Johns D F, Cannito M P, Rohrich R J, Tebbetts J B
Division of Plastic and Reconstructive Surgery, University of Texas Southwestern Medical Center, Dallas.
Plast Reconstr Surg. 1994 Sep;94(3):436-45. doi: 10.1097/00006534-199409000-00003.
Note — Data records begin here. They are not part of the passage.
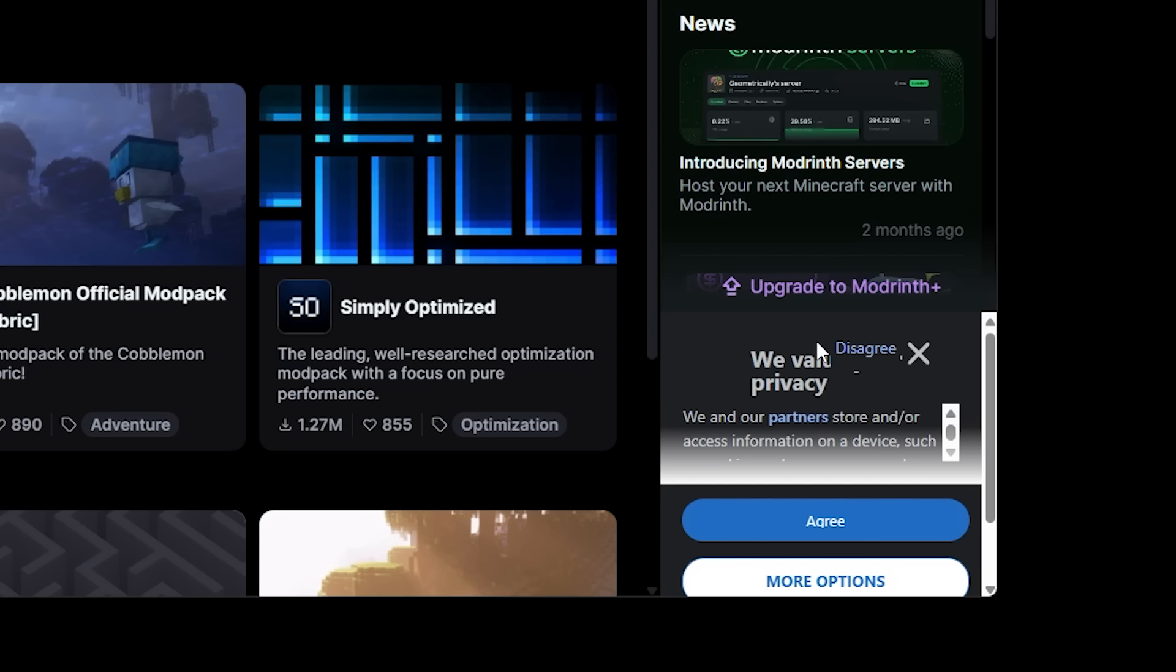But I also get that Modrinth needs to think about sustainability and making enough revenue. And of course revenue sharing is also a very big part of Modrinth now. If you are a creator and you upload your stuff to Modrinth you will earn from that, and the only reason that is possible is partly because of these ads. So they are important.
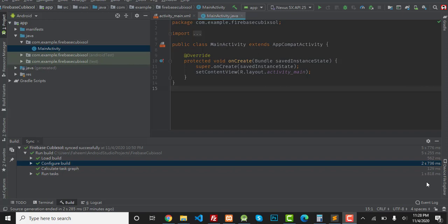Hey, what's up guys. In today's video I'm going to show you how to connect your Android app with Firebase database from Android Studio. In the previous video I told you how to connect your Android app manually, and in this video I'm going to show you how to connect it through Android Studio.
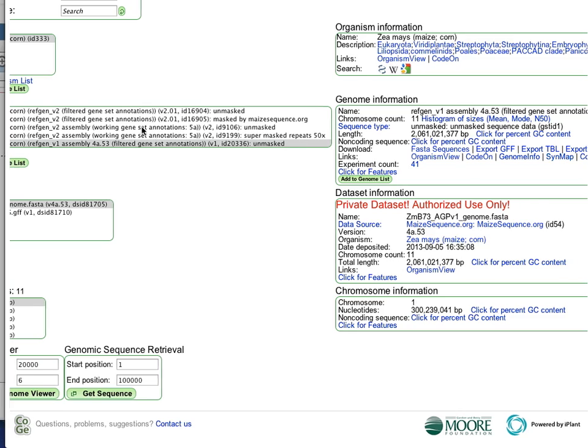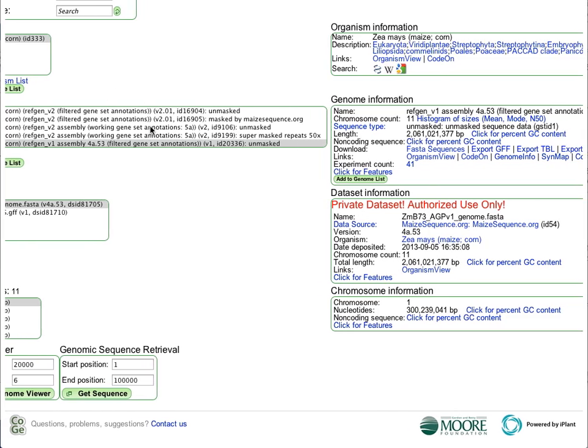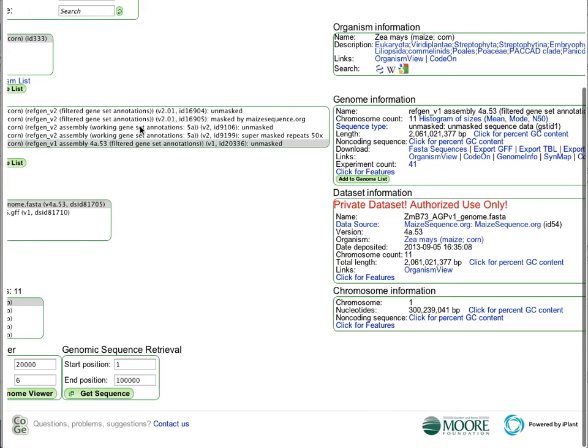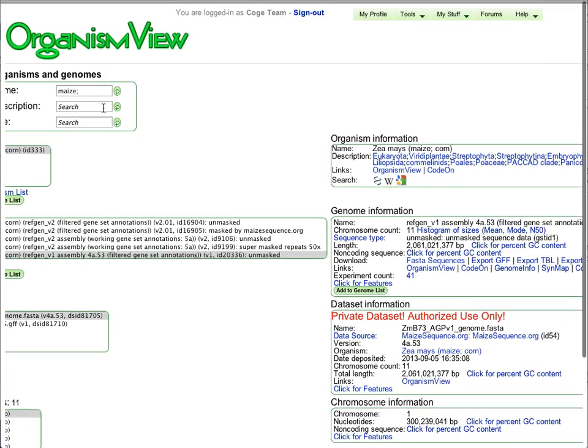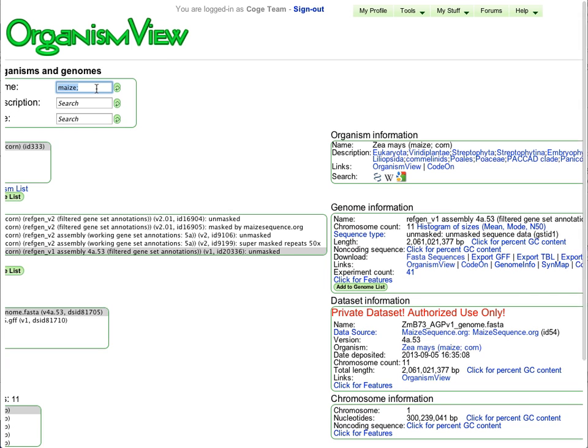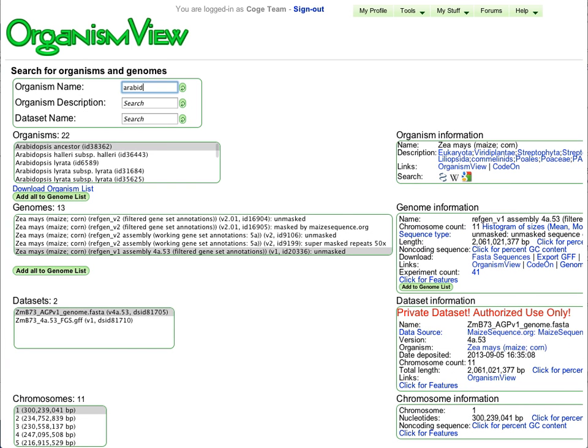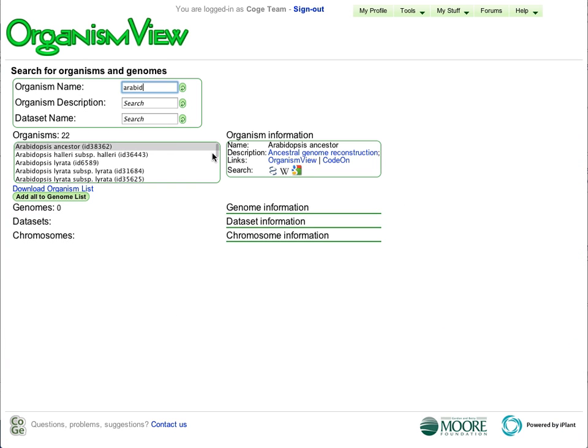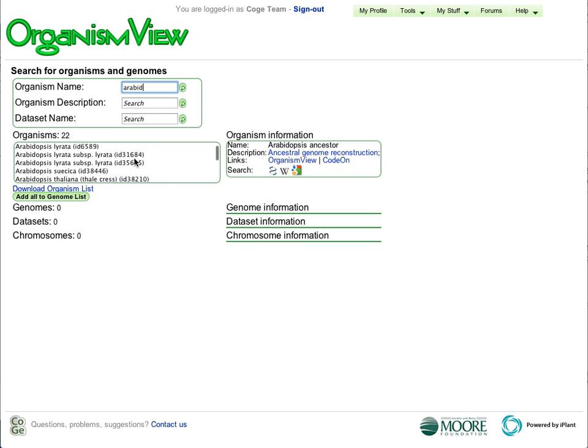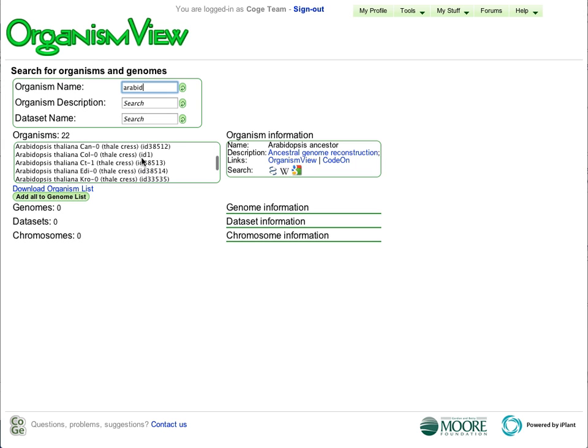I am now going to show CoGe's visualization system for diversity data, and I am going to do this using the organism Arabidopsis, because we have a lot of data loaded for that particular organism. What I want to highlight is that we have many versions of Arabidopsis, including different species and different ecotypes.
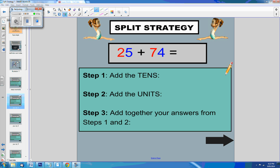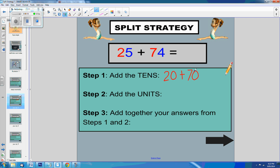Step 1, we add the tens. So we have 20 plus 70, which equals 90.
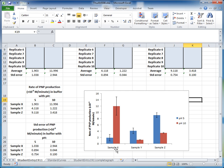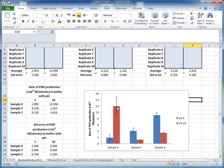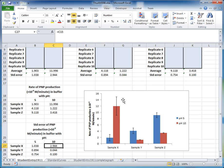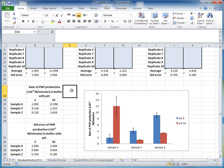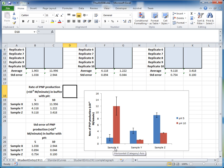The error bars are now visible. For example, for pH 10 Sample X, the error bar represents plus-minus standard error — so the standard error is 2.9 both above and below the column. This is essentially the graph we want to end up with: it shows the rates of PNP production for phosphatase samples X, Y, and Z at the different pH values.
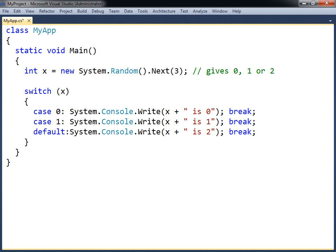Note that the statements after each case label are not surrounded by curly brackets. Instead, the statements end with the break keyword to break out of the switch. Unlike many other languages, case clauses in C-sharp must end with a jump statement, such as break.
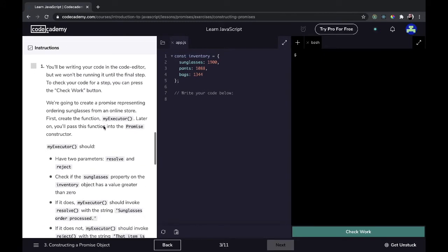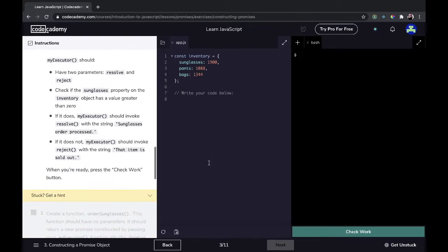Instructions. We're going to create a promise representing ordering sunglasses from an online store. First, create a function `myExecutor` — later you'll pass this function into the Promise constructor. `myExecutor` should have two parameters: resolve and reject.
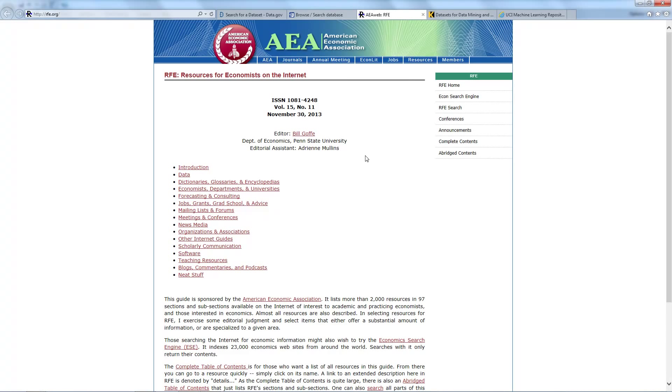These are internet resources for economists sponsored by the American Economic Association. The website contains more than 2,000 resources in 97 sections and subsections.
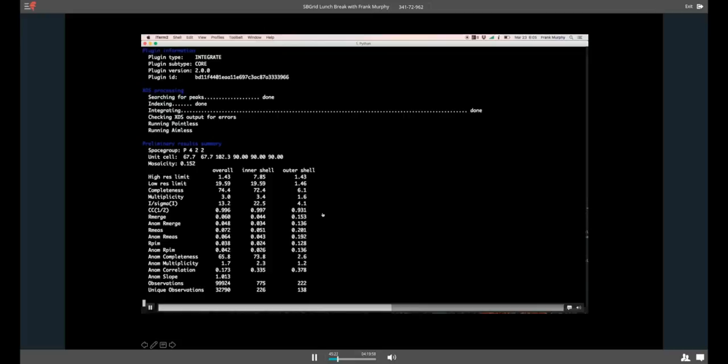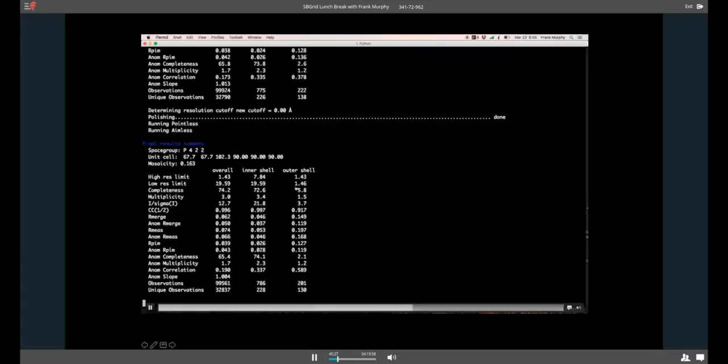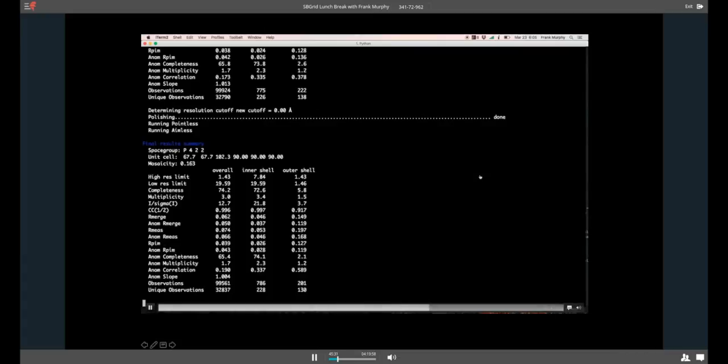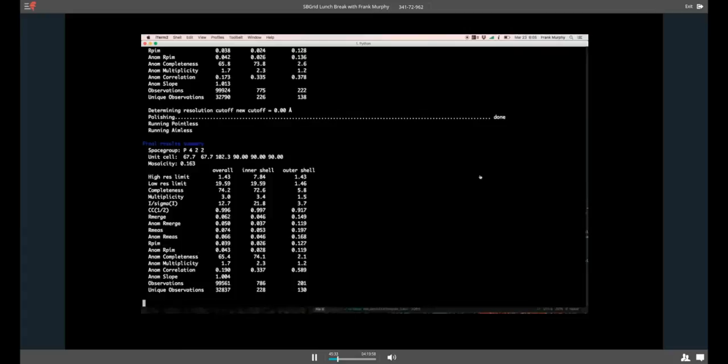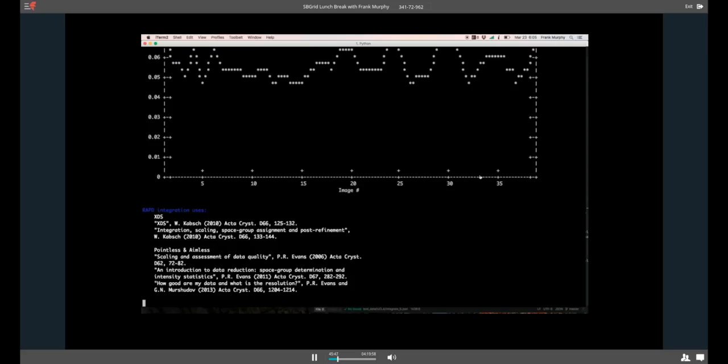It does the XDS processing. You can see, this is the same table one in ASCII format that we were just seeing in the web format. And it runs aimless and pointless and decides on a space group. It'll polish up the data. It'll give us a plot of the R-merge. I asked people here, what plot do you really want to see? And just give you R-merge so you don't have to go looking through the log files to see if anything's totally insane.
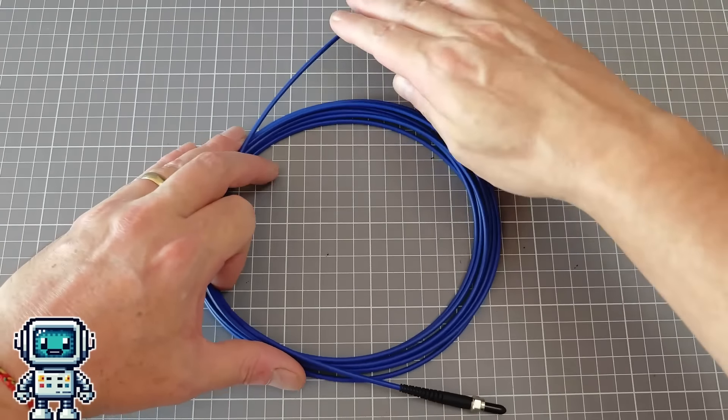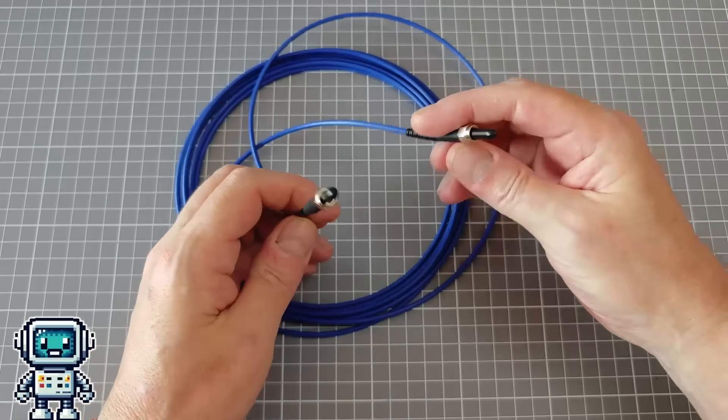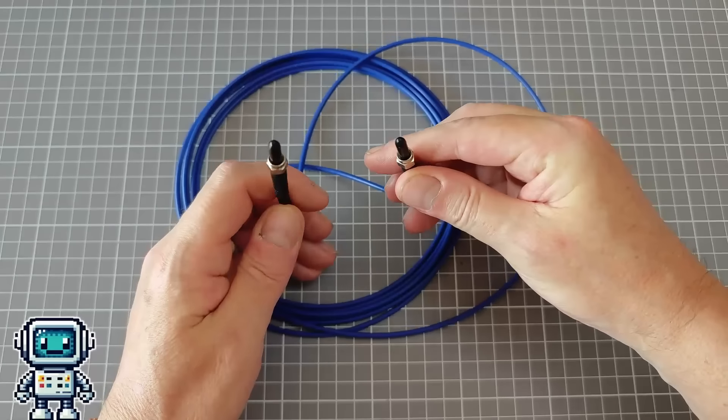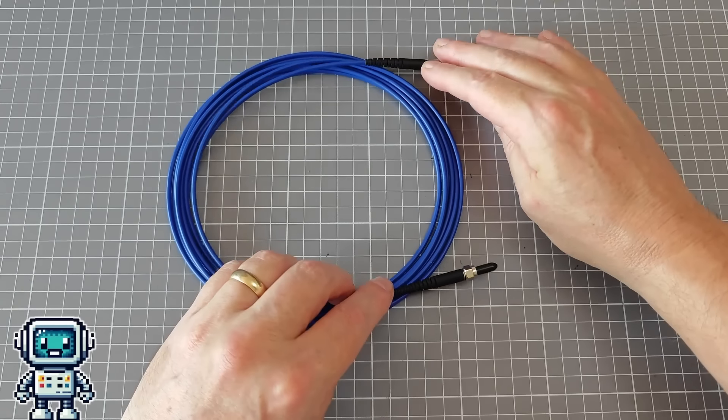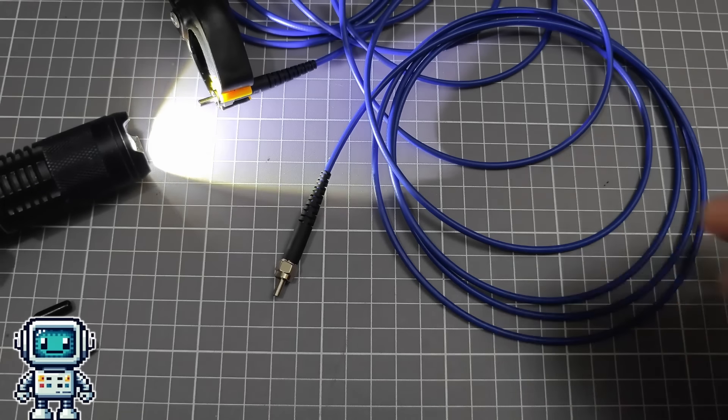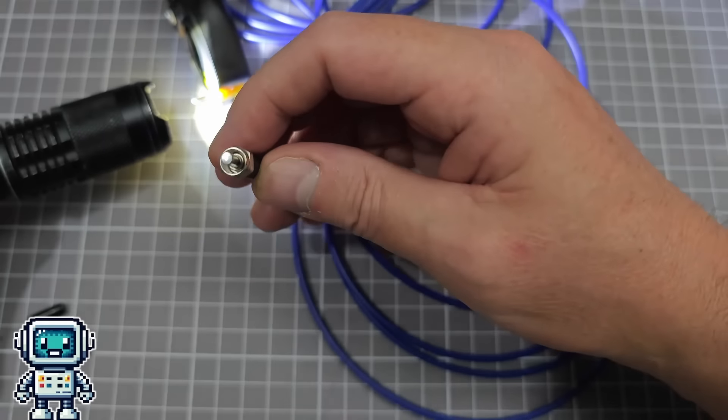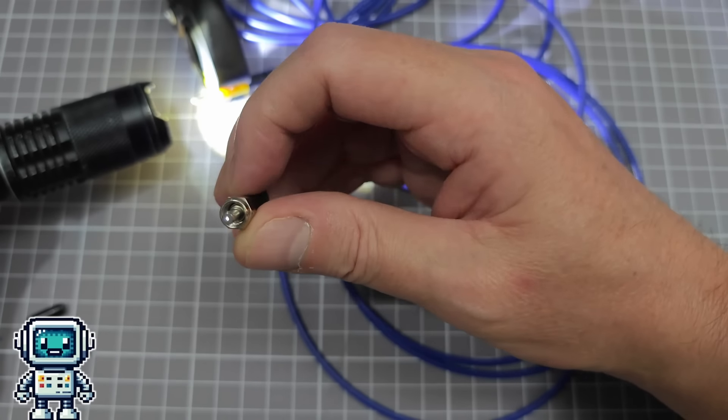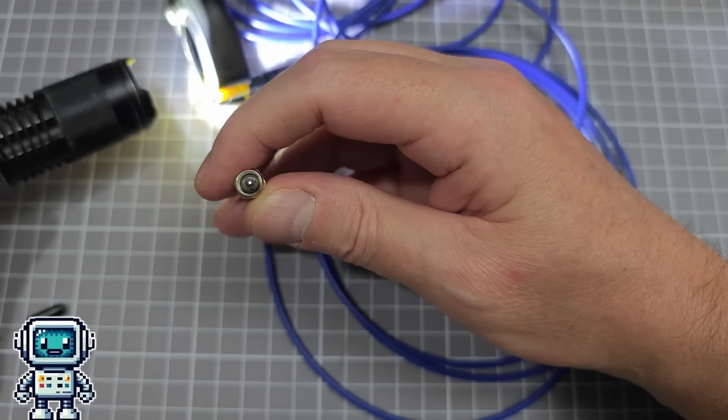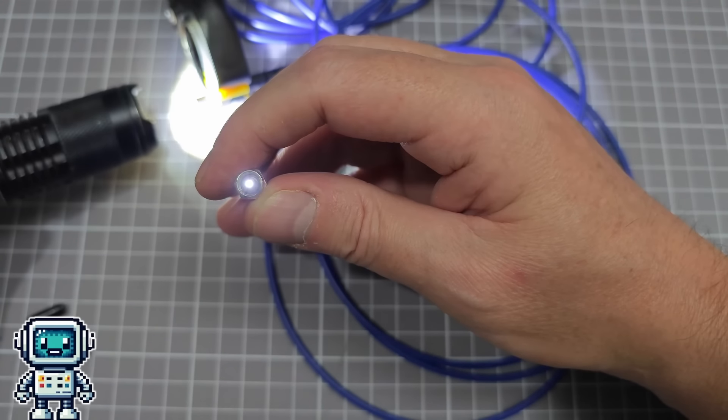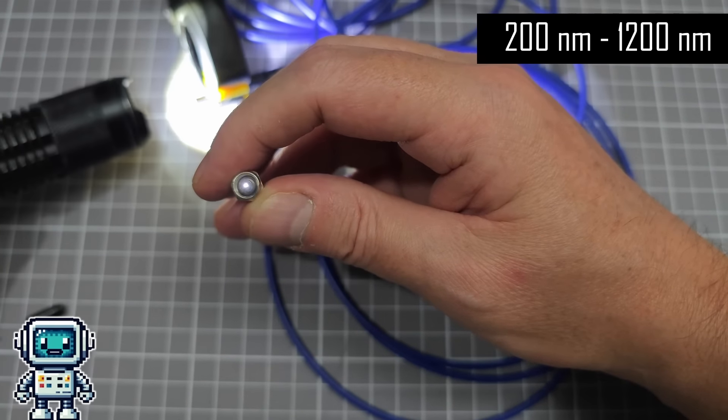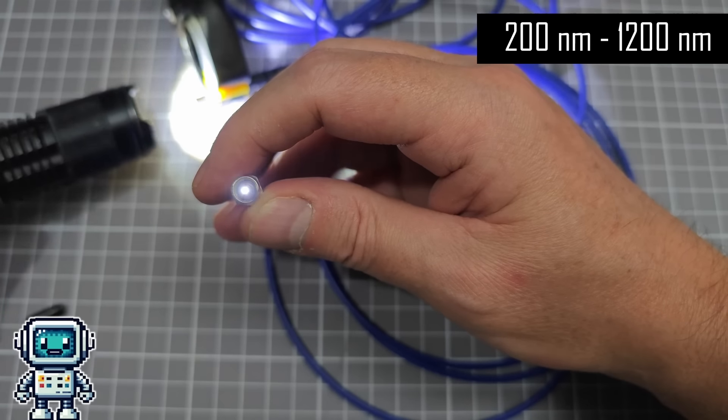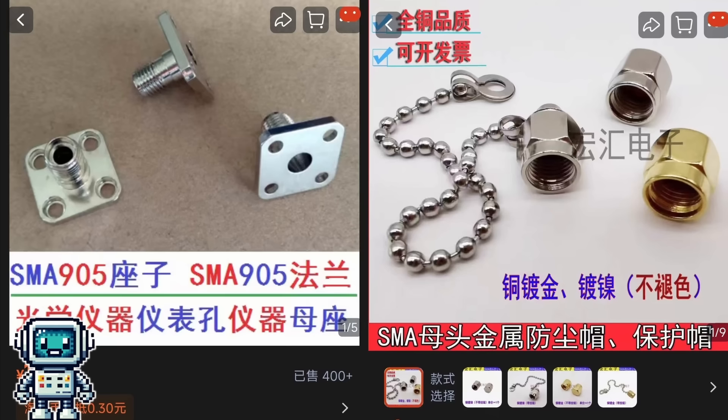For spectroscopy we need to use higher quality optical fibers, ones that can handle the wide bandwidth of the instrument, such as this one. This was actually the most expensive component we purchased for this project, and it has a usable bandwidth of 200 to 1200 nanometers. We also bought some special receptacles to allow the fiber optics to be connected to our spectrometer.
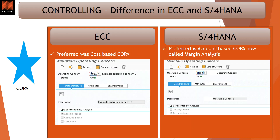The next change is COPA — CO-PA profitability analysis. In ECC it was always called COPA. Now in S4HANA with the new release it is known as margin analysis. Previously, costing-based COPA was always the preferred approach for customers, but now standard SAP is coming with clear guidance and recommendation to always use account-based COPA, which is now margin analysis. They are trying to bring functionalities from different types of COPA in the past and consolidate into account-based COPA. There is another dedicated video already on the channel for this particular topic.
We present a rationale and step-by-step description of a previously unpublished innovative surgical technique designed to overcome velopharyngeal insufficiency. This procedure maintains the anatomic integrity and physiologic function of the velopharynx by limiting interpalatal dissection and incorporates a method for flap attachment through the velum that is accessible, predictable, and versatile. The efficacy of this procedure in eliminating velopharyngeal insufficiency was evaluated by using rigorously controlled quantitative psychophysical scaling procedures of presurgical and postsurgical perceptual ratings of resonance, nasal emission, and intelligibility and instrumental acoustic analyses. The results indicated significantly better postsurgical speech outcomes by individuals treated with the pull-through velopharyngoplasty than did patients treated with other procedures designed for the secondary management of velopharyngeal insufficiency. Based on our experience with more than 150 patients, we believe that the self-lined superiorly based pull-through velopharyngoplasty represents an advancement in the surgical treatment of velopharyngeal insufficiency.
我们提出了一种用于克服腭咽闭合不全的创新手术技术的基本原理和详细步骤描述,该技术此前尚未发表。此手术通过限制腭间分离来维持腭咽部的解剖完整性和生理功能,并纳入了一种通过软腭进行皮瓣附着的方法,该方法易于操作、可预测且用途广泛。通过使用严格控制的定量心理物理学缩放程序,对手术前后的共鸣、鼻漏气和可懂度进行感知评分,并进行仪器声学分析,以此评估该手术消除腭咽闭合不全的效果。结果表明,与采用其他用于腭咽闭合不全二次治疗的手术方法的患者相比,接受经咽腭成形术治疗的个体术后语音效果明显更好。基于我们对150多名患者的经验,我们认为自衬里上蒂经咽腭成形术代表了腭咽闭合不全外科治疗的一项进展。